6 points by palish on July 31, 2007 | hide | past | favorite | 8 comments
The decision to rewrite software has hurt some companies. However, we only hear about the bad that's come from a software rewrite, never the good. So with today's new coding methods, do articles like this one still apply? http://www.joelonsoftware.com/articles/fog0000000069.html

Have any of you rewritten or made the decision to rewrite a large codebase? I know Kiko mentioned it as one of the things that hurt them. Microsoft was about to do it with their Pyramid Project, but it was axed.

Another question, for YC: Do YC companies generally rewrite their projects after Demo Day (since it's supposed to be a throwaway prototype), or work with what they've got?



In one ongoing series of consumer products, my several-hundred-thousand-line codebase lasted for well over 10 years. There was no reason to mess with it. Yes, I thought parts were messy... but there was also great stuff in it that I'm very happy survived intact.

Then decades later, on an entirely different product, in a different business...

We had to migrate our product to a new OS platform, as well as needing to fulfill much wider requirements for our customers. The existing code just wouldn't allow this, even if it were stretched and stretched.

So I rewrote most of the codebase.

In some ways I was tortured knowing we had a functioning product that already handled things I was rewriting (even though it was on an obsolete platform). Especially since the rewriting process takes longer than zero.

On the other hand, the new set of code turned out smaller, simpler, more reliable, much more flexible, and is now working well as a foundation our for business.

Both sides of the argument make sense to me, I think it just depends on the situation.


During high school some people wrote drafts of assignments and then made a "good copy" to hand in (it was high school, so busywork was common, I guess?) A teacher warned us that this is not going to work in university.

True enough, in university I quickly learned to get things right the first time - because I won't have time for a second try. It's a habit I've kept after I graduated.

I think the parallel to software is pretty obvious. It's easy to say "I'll rewrite this later", but when later rolls around, you have 3 other deadlines to meet. Throw-away code might still stay in the production code for 2 years. Refactoring parts of the code is good and necessary, but there are only so many resources you can dedicate to it.

I guess if you're seriously considering rewriting something from scratch, you're already caught between a rock and a hard place. Rewrite, and you miss an entire development cycle at least - time that could be spent enhancing or adding features. Stick with what you have, and you have to work with a codebase that makes development a nightmare (otherwise you wouldn't consider rewriting).

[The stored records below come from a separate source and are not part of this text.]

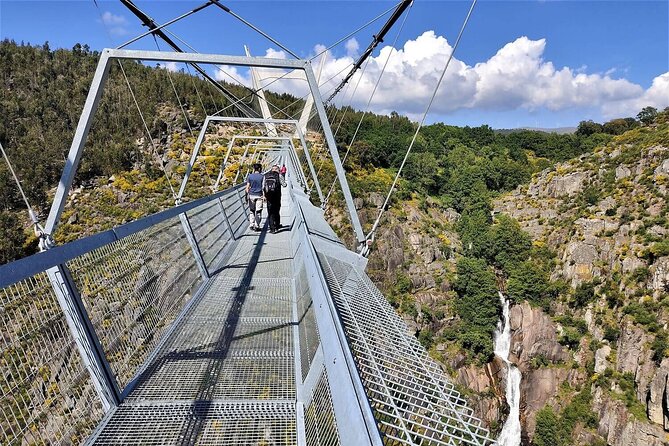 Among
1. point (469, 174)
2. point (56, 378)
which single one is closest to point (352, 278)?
point (56, 378)

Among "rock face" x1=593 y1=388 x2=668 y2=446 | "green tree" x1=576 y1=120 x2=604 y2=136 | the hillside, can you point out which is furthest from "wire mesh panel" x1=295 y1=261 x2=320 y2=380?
"green tree" x1=576 y1=120 x2=604 y2=136

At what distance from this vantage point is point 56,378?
2.15 m

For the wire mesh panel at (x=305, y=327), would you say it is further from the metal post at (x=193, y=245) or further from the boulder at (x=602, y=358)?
the boulder at (x=602, y=358)

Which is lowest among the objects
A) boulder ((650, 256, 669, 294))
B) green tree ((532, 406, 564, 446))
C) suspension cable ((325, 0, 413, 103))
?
green tree ((532, 406, 564, 446))

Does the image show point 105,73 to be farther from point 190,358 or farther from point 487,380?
point 487,380

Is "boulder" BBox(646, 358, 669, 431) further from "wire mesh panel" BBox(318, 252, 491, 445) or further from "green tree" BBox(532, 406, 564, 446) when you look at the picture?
"wire mesh panel" BBox(318, 252, 491, 445)

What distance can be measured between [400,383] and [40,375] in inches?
69.9

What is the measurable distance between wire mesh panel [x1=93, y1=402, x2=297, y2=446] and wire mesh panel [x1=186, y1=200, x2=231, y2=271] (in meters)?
2.84

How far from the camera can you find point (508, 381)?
42.2 metres

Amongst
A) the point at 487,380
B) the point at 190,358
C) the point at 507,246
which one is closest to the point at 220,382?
the point at 190,358

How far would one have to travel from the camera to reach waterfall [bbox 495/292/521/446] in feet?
125

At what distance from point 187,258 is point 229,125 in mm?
49689

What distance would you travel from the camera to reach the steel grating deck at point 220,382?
2.22 meters

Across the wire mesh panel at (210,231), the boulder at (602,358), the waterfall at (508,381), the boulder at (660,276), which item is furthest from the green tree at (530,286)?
the wire mesh panel at (210,231) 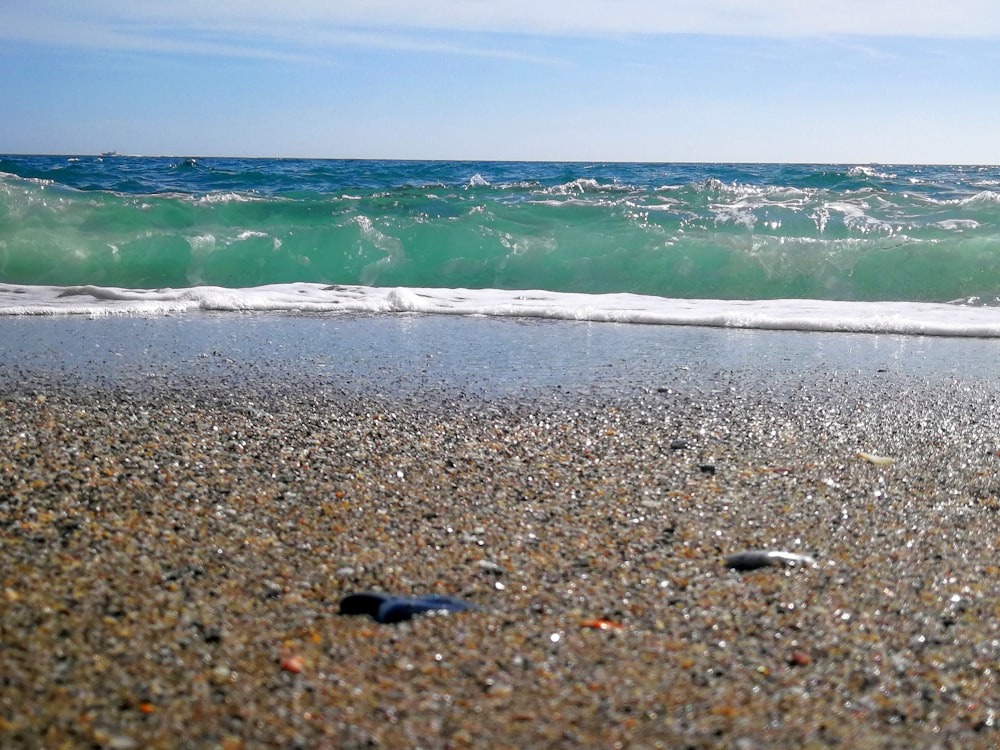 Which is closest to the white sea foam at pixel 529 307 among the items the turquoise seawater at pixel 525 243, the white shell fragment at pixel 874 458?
the turquoise seawater at pixel 525 243

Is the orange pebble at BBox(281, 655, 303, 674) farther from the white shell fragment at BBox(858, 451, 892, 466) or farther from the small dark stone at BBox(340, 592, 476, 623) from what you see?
the white shell fragment at BBox(858, 451, 892, 466)

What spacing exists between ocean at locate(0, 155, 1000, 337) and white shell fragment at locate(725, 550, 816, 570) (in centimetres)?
402

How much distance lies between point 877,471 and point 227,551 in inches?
75.1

Better to avoid it if possible - do a bit of planning upfront, refactor when you can, have enough tests that refactoring is safe.

At my last job we rewrote a large part of the application - but it was done piecemeal, over two years, and never halted development or delayed new features. Refactoring was "snuck in" as part of deliverables whenever it was possible and safe. It was worth it because the new code performed up to 2 orders of magnitude better, and was much easier to work with - but we never would've been able to do it if we simply decided to drop everything and announce that we're rewriting the app from scratch.


Your technique might get you through college fine, but to become a truly great writer one must write and rewrite, not because anyone demands it of you, but simply because one cannot imagine it any other way. Same goes for other artistic forms.


Writing "one to throw away" is an excellent idea. You'll figure out the hard parts of the problem and if it has a chance of succeeding. This is what a startup should do post demo-day.

Throwing away something that's been tuned to target customers is a mistake. This is what Joel is talking about.

Most importantly, these are very, very different activities.

Except, of course, when time and money is ticking and they're not. Then you have to brave (which is what you call it when it works) or foolish (which is what you call it when it doesn't).


I completely agree with Joel. I've done major refactoring work by making a series of minor alterations that clearly don't change anything. This approach takes a lot less time and doesn't introduce nearly as many bugs. Our svn repository is at revision 4995, and that's forked from a project that's 4 years older. Imagine how many of those commits have been bug fixes, and you'll see the big problem with rewriting.


reddit did, with good results.

I think if you don't have a good idea of what you're doing when you start, you might need to write a throwaway version first, see what works and what doesn't, then write the real app. I suspect in many cases, bottom-up design will reduce the need to rewrite by giving you more opportunities to refactor instead of throwing out the whole thing.


I believe they also rewrote again just recently, and that's why Reddit hasn't seen new features for awhile. But perhaps they can afford it since they've been acquired.


I think sometimes a rewrite is worthwhile, but basically Joel's advice is good. Don't just do a rewrite with this vague idea that you'll be able to do it right this time.